DA: You mentioned at one point in a piece you wrote that in terms of drug-related deaths Portugal is at the low end and that at the high end is Estonia, where the death rate is 40 times higher. In Estonia drugs are largely decriminalized, so does this suggest that decriminalization, as a solution, just doesn’t work?

JM: Portugal has decriminalized the use of drugs and the possession of small quantities for own consumption. In fact, the countries that have decriminalized use and possession for own consumption have seen the number of drug deaths fall. There are several examples of either a clear-cut decriminalization of use and possession or a de facto trend toward that, and the countries that are on that end of the scale have a relatively low number of deaths related to drugs: Portugal, Spain, Switzerland, the Netherlands, and so on. The ones that are harsher on drug use see increases in terms of the number of drug-related deaths—the Scandinavian countries, for example. Estonia is a curious example where they have good policies in place based on public health but they seem not to fully apply them, which is why they may have a high level of drug-related deaths. They are also close to Russia and that means there may be synthetic heroin—fentanyl—that is very dangerous because it’s very difficult to dose and consequently people can overdose very easily.
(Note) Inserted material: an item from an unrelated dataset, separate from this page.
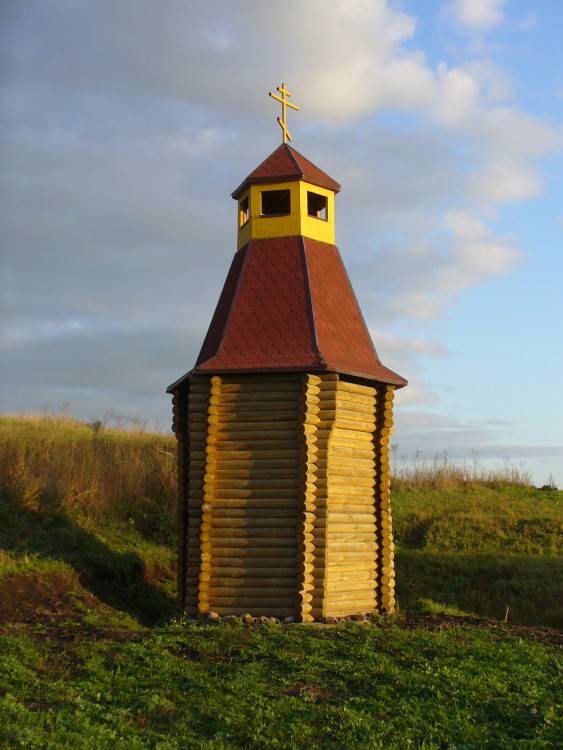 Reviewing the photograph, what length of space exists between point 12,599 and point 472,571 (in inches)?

Russia declares around 700 drug related deaths per million inhabitants per year. There, use and possession is harshly punished and public health considerations seem to come second to the principal of abstinence. Users are punished and are lead to detoxification, but harm reduction strategies are not in place, and heavy users are not given medication-assisted treatment, or what we call “substitution treatment.” There may well be a correlation between those policy choices and drug deaths.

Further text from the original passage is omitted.